I finally just slid down and collapsed into sobs.  I couldn't believe it.  I just COULDN'T.  I wouldn't believe it, I WOULDN'T!  How coudl I have THAT?!

"You're not joking?" I whispered through my sobs.

"No, Elle.  I'm so sorry.  It's bone cancer.  You'll have to come in for chemo.  You're going to lose all your hair," he said, rubbing the back of his head nervously.

NO SHIT SHERLOCK! 

"I'm gonna lose....  My....  My...hair?" I asked, clutching it fiercely in my fingers.

"Yes, that's one of the side effects of chemo," he said.

"WELL THAT'S FUCKING DUMB!" I screeched and collapsed into sobs, burying my face in my knees as I hugged them to my chest.

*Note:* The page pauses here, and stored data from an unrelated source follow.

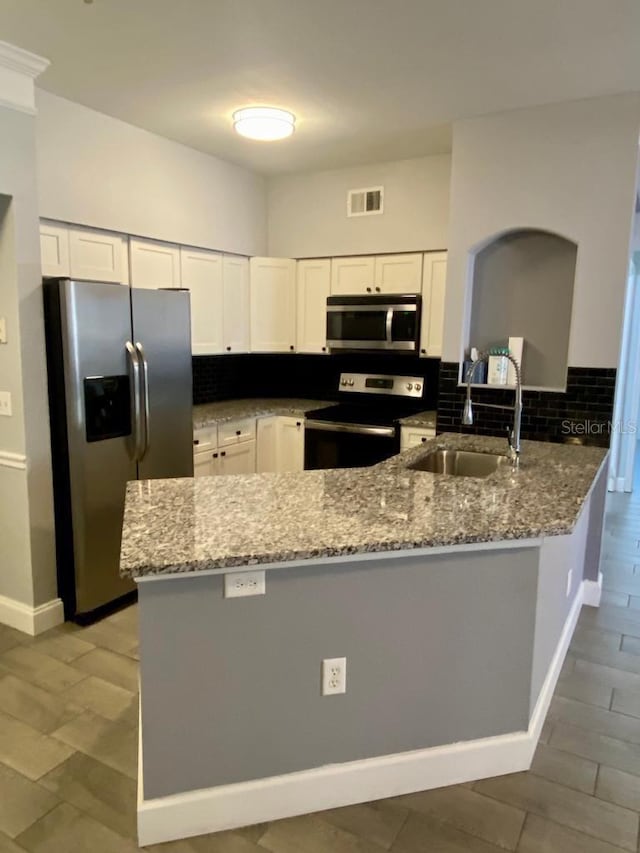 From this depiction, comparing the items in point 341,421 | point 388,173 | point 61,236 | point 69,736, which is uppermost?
point 388,173

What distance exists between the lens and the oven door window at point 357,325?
4277 millimetres

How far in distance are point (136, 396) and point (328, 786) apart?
213cm

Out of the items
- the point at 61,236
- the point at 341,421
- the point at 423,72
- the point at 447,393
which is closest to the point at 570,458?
the point at 447,393

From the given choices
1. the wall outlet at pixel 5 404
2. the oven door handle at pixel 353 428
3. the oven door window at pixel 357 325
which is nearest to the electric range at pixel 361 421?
the oven door handle at pixel 353 428

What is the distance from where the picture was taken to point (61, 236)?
329cm

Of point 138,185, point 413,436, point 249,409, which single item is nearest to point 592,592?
point 413,436

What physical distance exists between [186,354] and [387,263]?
1760 millimetres

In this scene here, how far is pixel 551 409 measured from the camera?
10.9 ft

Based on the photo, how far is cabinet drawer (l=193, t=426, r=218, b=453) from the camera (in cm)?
385

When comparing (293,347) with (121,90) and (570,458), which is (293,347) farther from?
(570,458)

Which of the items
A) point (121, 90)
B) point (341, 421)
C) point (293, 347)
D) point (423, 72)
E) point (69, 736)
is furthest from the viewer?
point (293, 347)

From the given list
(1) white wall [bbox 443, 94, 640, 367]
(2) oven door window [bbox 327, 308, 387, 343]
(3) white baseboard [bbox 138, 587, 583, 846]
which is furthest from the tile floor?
(2) oven door window [bbox 327, 308, 387, 343]

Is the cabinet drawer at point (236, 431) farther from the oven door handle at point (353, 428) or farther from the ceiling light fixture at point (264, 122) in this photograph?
the ceiling light fixture at point (264, 122)

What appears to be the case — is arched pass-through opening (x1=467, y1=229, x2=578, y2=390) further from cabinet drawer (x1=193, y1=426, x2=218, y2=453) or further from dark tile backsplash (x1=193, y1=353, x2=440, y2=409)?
cabinet drawer (x1=193, y1=426, x2=218, y2=453) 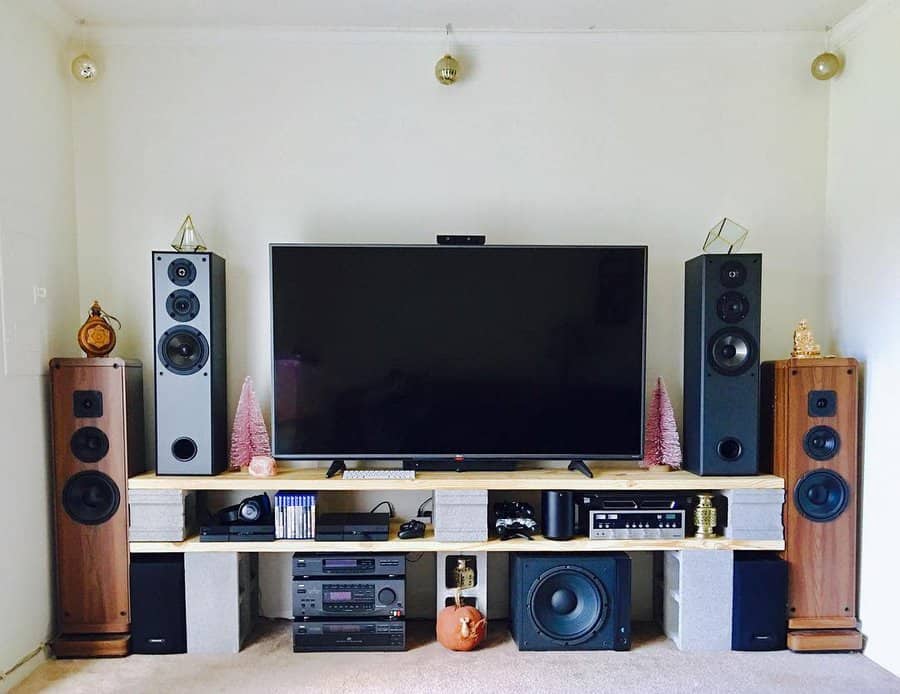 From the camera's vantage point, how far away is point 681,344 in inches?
103

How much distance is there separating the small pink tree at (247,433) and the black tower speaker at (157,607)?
0.44 metres

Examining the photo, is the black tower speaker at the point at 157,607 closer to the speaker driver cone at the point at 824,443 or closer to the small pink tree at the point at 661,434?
the small pink tree at the point at 661,434

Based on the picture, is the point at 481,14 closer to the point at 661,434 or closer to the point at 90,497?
the point at 661,434

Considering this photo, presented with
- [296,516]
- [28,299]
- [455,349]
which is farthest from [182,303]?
[455,349]

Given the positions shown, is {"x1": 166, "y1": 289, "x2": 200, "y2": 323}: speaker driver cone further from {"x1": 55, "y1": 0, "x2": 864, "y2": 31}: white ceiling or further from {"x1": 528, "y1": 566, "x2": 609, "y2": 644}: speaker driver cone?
{"x1": 528, "y1": 566, "x2": 609, "y2": 644}: speaker driver cone

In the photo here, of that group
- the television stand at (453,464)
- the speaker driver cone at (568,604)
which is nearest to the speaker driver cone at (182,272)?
the television stand at (453,464)

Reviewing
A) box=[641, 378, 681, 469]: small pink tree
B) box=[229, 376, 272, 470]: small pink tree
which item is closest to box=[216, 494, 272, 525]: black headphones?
box=[229, 376, 272, 470]: small pink tree

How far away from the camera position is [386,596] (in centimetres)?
232

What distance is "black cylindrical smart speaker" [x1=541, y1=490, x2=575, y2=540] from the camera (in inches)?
90.4

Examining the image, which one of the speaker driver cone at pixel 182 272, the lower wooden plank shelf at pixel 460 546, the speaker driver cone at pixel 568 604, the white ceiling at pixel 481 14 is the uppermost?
the white ceiling at pixel 481 14

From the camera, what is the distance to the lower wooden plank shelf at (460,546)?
227cm

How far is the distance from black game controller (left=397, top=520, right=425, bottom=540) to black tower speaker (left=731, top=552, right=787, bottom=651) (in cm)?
119

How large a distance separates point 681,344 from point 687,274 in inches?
12.9

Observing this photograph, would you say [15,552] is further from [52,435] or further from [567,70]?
[567,70] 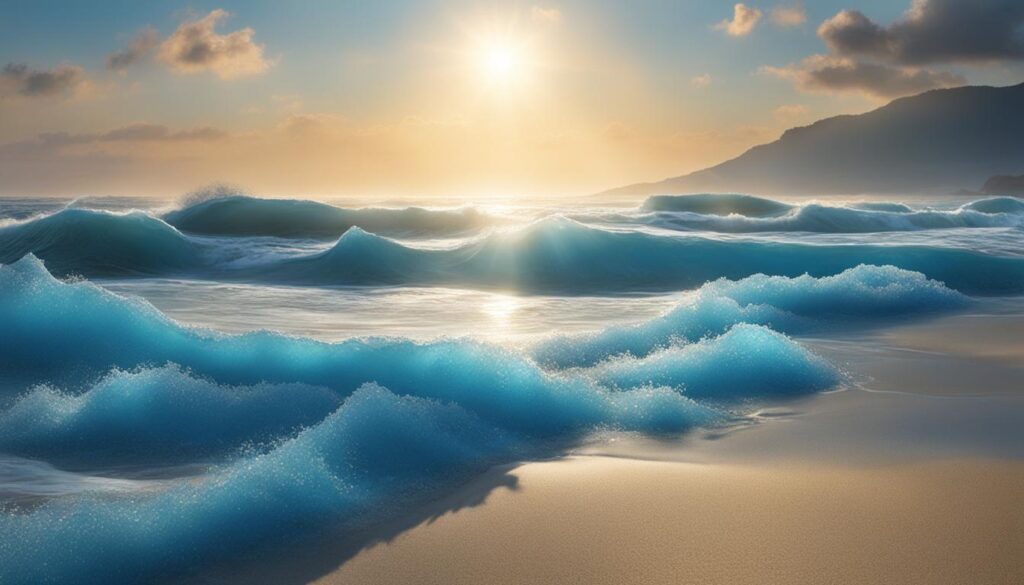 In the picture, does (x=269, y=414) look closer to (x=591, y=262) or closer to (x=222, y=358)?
(x=222, y=358)

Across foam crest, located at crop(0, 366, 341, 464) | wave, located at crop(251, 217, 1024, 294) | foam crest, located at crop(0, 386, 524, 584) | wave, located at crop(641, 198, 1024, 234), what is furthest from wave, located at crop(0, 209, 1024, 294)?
foam crest, located at crop(0, 386, 524, 584)

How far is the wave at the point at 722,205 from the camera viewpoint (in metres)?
30.3

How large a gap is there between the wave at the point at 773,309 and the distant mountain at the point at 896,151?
498ft

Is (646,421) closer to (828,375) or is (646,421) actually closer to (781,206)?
(828,375)

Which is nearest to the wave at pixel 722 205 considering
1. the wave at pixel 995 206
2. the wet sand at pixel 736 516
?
the wave at pixel 995 206

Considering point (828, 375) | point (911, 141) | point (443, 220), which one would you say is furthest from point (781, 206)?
point (911, 141)

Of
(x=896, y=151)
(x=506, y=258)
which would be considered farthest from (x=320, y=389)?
(x=896, y=151)

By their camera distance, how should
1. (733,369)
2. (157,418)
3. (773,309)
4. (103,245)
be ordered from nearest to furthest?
(157,418) → (733,369) → (773,309) → (103,245)

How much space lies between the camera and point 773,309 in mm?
7773

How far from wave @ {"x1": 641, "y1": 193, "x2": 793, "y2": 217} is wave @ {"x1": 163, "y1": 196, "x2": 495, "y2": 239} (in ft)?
30.9

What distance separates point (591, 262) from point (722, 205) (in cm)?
1796

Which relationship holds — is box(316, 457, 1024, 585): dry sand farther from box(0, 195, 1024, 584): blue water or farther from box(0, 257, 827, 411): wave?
box(0, 257, 827, 411): wave

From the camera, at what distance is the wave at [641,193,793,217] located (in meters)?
30.3

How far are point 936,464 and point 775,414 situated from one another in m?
1.02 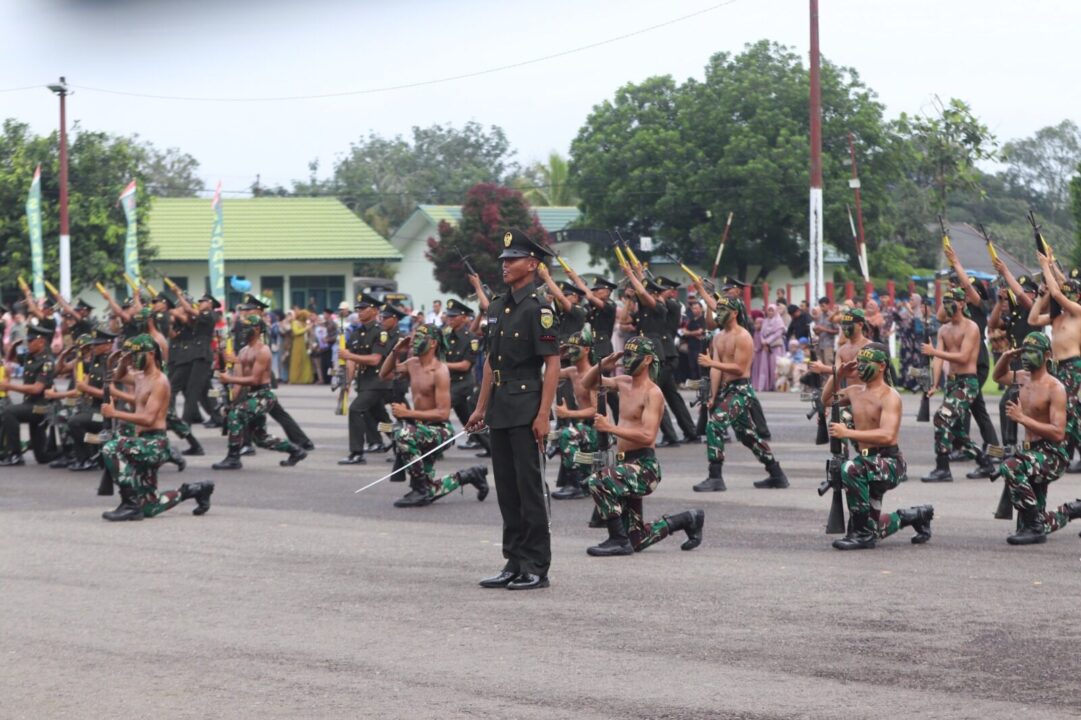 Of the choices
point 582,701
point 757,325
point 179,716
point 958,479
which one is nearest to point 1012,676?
point 582,701

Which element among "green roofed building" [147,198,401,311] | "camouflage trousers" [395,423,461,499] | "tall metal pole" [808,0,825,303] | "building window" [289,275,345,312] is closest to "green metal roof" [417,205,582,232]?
"green roofed building" [147,198,401,311]

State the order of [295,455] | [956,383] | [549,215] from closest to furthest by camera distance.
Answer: [956,383]
[295,455]
[549,215]

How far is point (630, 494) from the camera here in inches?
434

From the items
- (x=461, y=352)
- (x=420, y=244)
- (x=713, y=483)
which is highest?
(x=420, y=244)

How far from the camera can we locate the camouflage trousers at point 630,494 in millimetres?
10953

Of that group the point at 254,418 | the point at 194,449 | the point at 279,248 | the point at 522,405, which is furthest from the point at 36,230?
the point at 522,405

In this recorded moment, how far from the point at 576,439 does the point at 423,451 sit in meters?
1.40

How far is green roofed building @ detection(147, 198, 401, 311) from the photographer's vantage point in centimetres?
5794

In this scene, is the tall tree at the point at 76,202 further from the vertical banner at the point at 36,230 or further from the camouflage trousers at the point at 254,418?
the camouflage trousers at the point at 254,418

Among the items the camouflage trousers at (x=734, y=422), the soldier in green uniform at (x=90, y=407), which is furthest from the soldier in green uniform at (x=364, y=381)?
the camouflage trousers at (x=734, y=422)

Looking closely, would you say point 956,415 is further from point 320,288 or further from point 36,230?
point 320,288

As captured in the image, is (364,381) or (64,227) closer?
(364,381)

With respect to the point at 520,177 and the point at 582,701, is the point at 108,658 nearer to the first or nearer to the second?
the point at 582,701

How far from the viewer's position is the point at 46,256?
153 feet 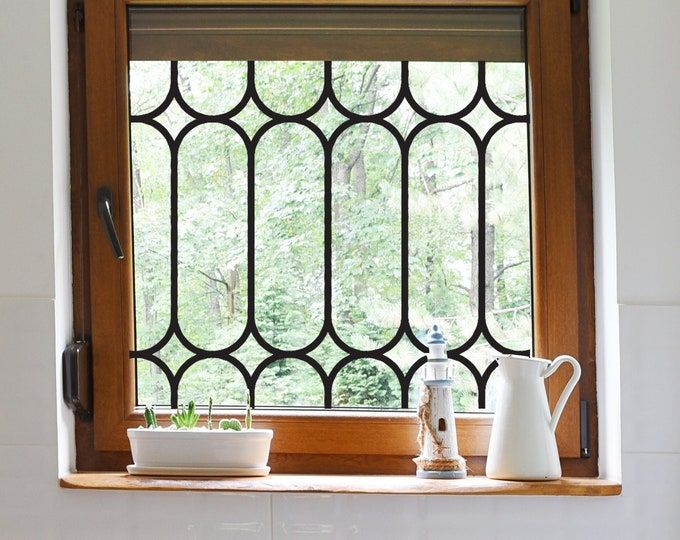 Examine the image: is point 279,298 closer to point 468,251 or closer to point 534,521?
point 468,251

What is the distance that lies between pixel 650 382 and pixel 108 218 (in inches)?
39.1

"Well....  Elle I think you better get some bedrest.  You'll come in for chemo on Thursday," he said, picking up his clipboard and heading out of the room.

I don't know how long I just sobbed.  Eventually I felt Alex pick me up and bring me to the car, and I was still sobbing.  As we reached the house everyone was silent and left me to my room.  As soon as I regained control of my fucking emotions, I called everyone I knew and told them.

They all collapsed into tears, me with them, and I had to hang up on multiple people to prevent myself from committing suicide.

It was strange, knowing you might die.  Hell yeah I was afraid.  I didn't want to leave everyone.  I wanted to stay here, get married to Alex, and have a nice life.  I couldn't DO that with cancer.

And how was I gonna go to COLLEGE?!  Wear a HAT for four years?!  THAT'S FUCKING DUMB! 

And what about Alex?  Would he suddenly look at me like I was disgusting?  Or would he still love me?  No, he would still love me, he was Alex!  He would always love me!  And I would always love him, no matter what.

I'll just have to wear a wig for the wedding....  Yeah, that's it!  A wig the same color as my hair from Locks of Love or something.  Good thing I had donated....

I composed myself and glanced at the clock.  I had been crying for 2 hours.  It was dinner time.  Throwing on a pair of jeans and a Beatles tee-shirt to make me feel better, I walked down the many flights of stairs to the dining room.  When I walked in, everyone quieted down.  I could tell they had been talking about me.